10 Things Writers Can Learn from a Brick

All those “list” posts for writers annoy me. Especially the ones I’ve written. Most especially, this one:

1. A brick is skilled at staying on task. Put one in front of a computer, it will sit there for hours.

2. A brick doesn’t jump in front of a truck when it gets a rejection letter.

3. A brick understands the importance of structure.

4. A brick rarely complains on Twitter and Facebook about the unfairness of bricklayers.

5. A brick isn’t jealous of other bricks. (Except those at J. K. Rowling’s house.)

6. A brick doesn’t stress over its Amazon.com ranking.

7. A brick can build a bridge or start a revolution.

8. A brick isn’t perfect. It’s okay with that.

9. With a little help, a brick can fly.

10. Bricks never waste your time with “10 Things…” posts.

A Life of Its Own

It begins as an idea in your head.

Wait, back up. That’s not entirely accurate. It starts long before that.

It begins as a childhood daydream, as a parade of clouds, as a balance-beam walk along a railroad track. It begins with rock-skipping, dirt-digging, butterfly-following.

It begins in beautiful words and hard words. In complaint and compliance. In monsters hiding under the bed. In hiding under the bed from monsters.

It begins in the infinite space after the yes and before the kiss. In the thrill of discovery, the fear of begin discovered. The uncertainty of one moment and the certainty of another.

It begins five minutes or two decades ago, when all it means is what it is.

And then in a flash it becomes something else. It becomes an idea for a story.

Stories have roots and tendrils in our experiences, our memories, our histories, our waking and sleeping dreams. Everything – the good the bad the great the sad the dangerous the stupid the ugly the learned the imagined – is seed or sapling for a writer.

When it becomes an idea in your head, you have a choice: ignore it or embrace the arduous thrill of writing it down.

In your head, the story has a shape, a color, and perhaps not much more. But once you begin to write, the words the story gives you (and the ones it withholds) change that shape, that color.

Somewhere between the idea and the page, a good story begins to assert itself. It declares with suggestion or silence that it’s not just about your brilliance and your typing fingers. The maturation of a story happens in concert with the chorus of real-life experiences and relationships that shaped you. To ignore the wisdom of the chorus is to risk telling lies that no one will believe.

So you write and rewrite until the story tells you to stop.
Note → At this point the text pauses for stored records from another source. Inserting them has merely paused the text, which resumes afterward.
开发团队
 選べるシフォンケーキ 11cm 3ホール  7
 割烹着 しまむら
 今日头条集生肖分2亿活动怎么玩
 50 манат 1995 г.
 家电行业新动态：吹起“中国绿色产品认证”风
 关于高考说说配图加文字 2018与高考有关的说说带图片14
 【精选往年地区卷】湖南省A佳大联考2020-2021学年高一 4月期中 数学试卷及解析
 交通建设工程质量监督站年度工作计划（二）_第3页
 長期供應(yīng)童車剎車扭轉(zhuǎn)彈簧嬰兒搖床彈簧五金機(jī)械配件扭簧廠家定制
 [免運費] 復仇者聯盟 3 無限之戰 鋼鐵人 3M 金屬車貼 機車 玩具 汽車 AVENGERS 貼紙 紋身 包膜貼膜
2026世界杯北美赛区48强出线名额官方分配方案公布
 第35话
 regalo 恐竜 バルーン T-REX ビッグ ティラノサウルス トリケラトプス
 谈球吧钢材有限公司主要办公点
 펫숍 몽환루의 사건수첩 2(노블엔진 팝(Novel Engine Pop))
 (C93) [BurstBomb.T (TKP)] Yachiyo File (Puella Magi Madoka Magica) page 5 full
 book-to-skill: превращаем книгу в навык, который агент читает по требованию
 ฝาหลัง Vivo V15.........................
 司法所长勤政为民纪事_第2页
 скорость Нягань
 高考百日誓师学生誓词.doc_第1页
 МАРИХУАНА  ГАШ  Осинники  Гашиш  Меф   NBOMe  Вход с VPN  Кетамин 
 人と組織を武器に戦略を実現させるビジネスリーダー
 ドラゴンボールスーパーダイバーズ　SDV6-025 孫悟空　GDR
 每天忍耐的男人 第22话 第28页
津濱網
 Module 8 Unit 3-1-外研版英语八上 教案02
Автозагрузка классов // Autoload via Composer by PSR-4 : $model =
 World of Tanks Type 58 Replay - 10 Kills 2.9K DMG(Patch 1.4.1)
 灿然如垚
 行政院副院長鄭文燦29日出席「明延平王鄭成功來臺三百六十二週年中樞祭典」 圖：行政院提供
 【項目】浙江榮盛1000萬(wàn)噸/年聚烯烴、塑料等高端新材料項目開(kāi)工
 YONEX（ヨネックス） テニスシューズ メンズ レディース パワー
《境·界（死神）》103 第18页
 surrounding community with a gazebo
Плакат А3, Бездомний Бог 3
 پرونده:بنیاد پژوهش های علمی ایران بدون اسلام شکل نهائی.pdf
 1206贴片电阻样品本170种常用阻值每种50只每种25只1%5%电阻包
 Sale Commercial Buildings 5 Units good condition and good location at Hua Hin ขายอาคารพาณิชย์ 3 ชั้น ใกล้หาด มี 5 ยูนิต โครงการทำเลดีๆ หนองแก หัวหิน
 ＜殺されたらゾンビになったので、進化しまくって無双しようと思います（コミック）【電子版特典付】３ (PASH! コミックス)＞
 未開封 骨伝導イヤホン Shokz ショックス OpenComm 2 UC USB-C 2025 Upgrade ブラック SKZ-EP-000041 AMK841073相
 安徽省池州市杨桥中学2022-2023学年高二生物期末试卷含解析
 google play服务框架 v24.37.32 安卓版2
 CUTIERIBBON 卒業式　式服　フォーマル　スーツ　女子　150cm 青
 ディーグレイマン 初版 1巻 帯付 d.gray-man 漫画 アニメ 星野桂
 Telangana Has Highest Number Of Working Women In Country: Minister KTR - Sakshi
Eventually, you add “final draft” to the file name, but that’s not entirely accurate. Because the moment you give a story away, it changes again. The reader’s chorus pulls it like taffy, reshaping it a little or a lot. Your true final draft is co-authored by the reader.

Yes, it’s still your story. You captured it after it captured you. You wrote it down. But it’s bigger than you. It always was.

Good stories have a life of their own. There is curious comfort in this.

And probably good reason to be terrified.